Spain is to remove a controversial temporary speed limit on motorways introduced to cut fuel consumption because of rising oil prices.

The limit was cut to 110km/h (68mph) in March drawing protests from motorists including the Formula 1 driver Fernando Alonso.

The government says petrol prices have now fallen and, from 1 July, motorists can again drive at 120km/h (75mph).

Oil prices spiked after uprisings in Libya and elsewhere in the Arab world.

Spain is heavily dependent on imported fuel and 13% of its oil usually comes from Libya.

"The circumstances have changed so we understand the measure is no longer required and we are going back to 120 km/h," Deputy Prime Minister Alfredo Perez Rubalcaba said after a weekly cabinet meeting.

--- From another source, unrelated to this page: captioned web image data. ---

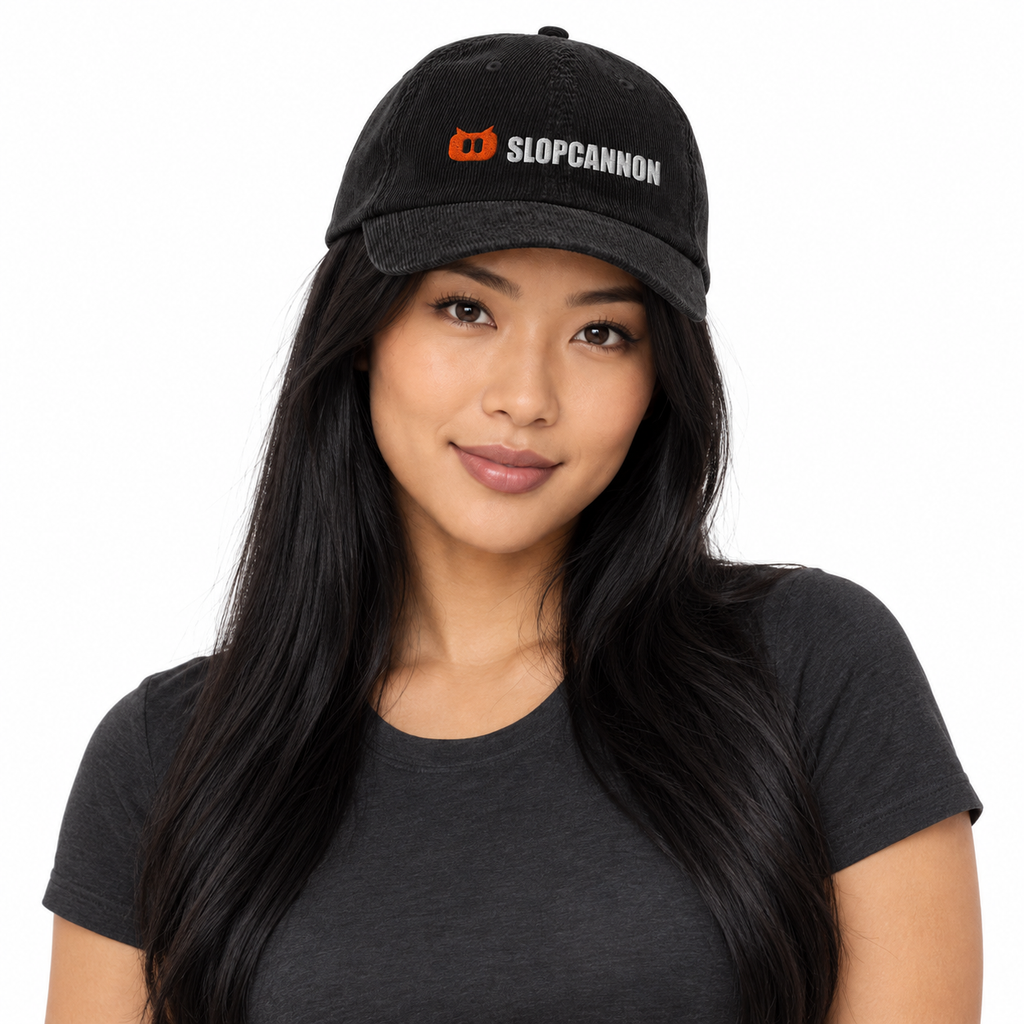 SLOPCANNON Corduroy Cap, worn by a model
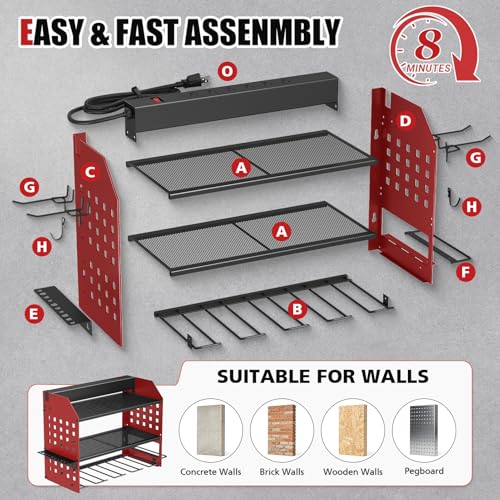 SUNALLY Power Tool Organizer Wall Mount with Charging Station,3 Layer Metal Tool Storage Rack with 4 Drill Holders, Heavy Duty Power Tool Shelf for Garage, Warehouse, Workshop, Gifts for Men, Husband - style: 4 Drill Holders F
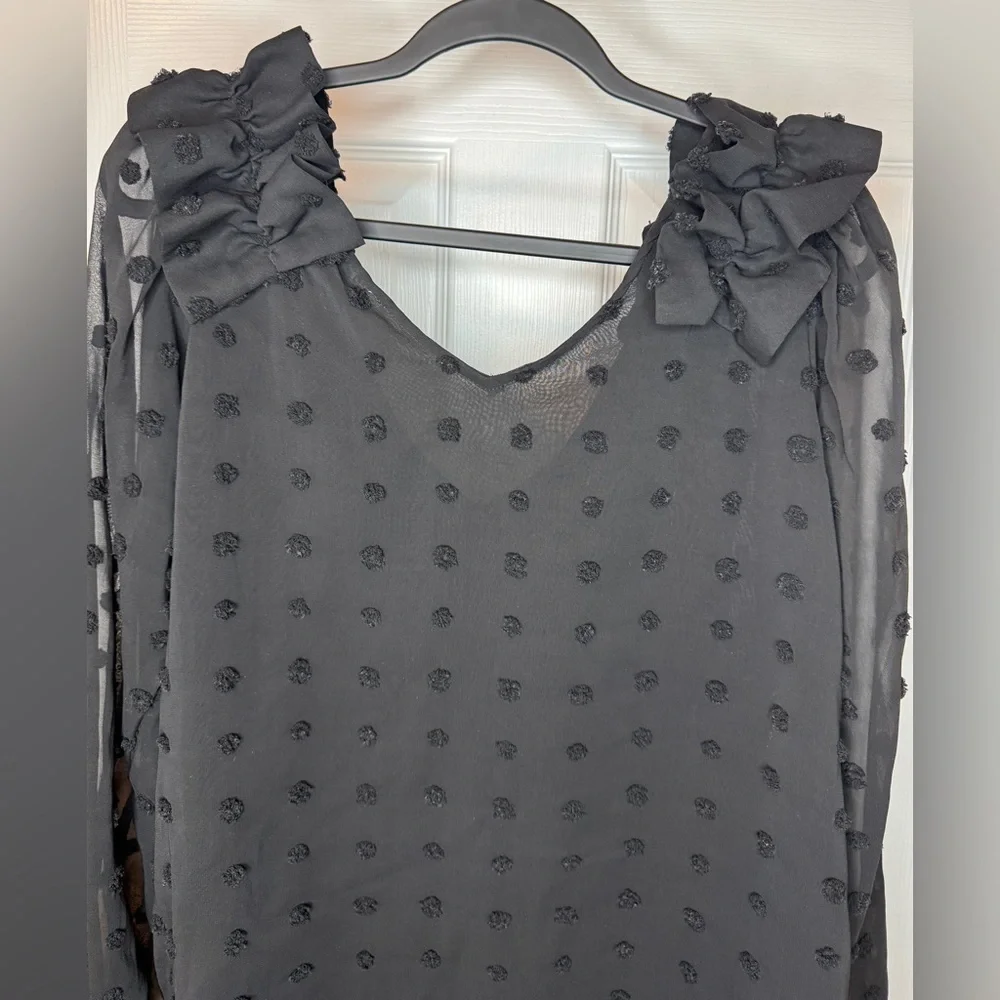 Entro Black Sheer Ruffled Blouse Size L - Picture 11 of 12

He acknowledged that the slower speed limit had provoked "strong debate" but said it had saved Spain 450m euros (£399m) in its balance of payments.

Many Spaniards believed the change was a ruse to raise funds through more speeding fines.

The main opposition Popular Party labelled it "absurd" and "improvised" and a poll for El Pais newspaper put opposition to the speed cut at 69%.

Spanish racing driver Fernando Alonso - who drives a Ferrari in excess of 300kph on the race track - also ridiculed the lowered limit, quipping that it was "difficult to stay awake" at less than 110km/h.

Mr Rubalcaba rebuffed his criticism, saying drivers in the US complied with the same speed limit "and I have never seen them driving while asleep".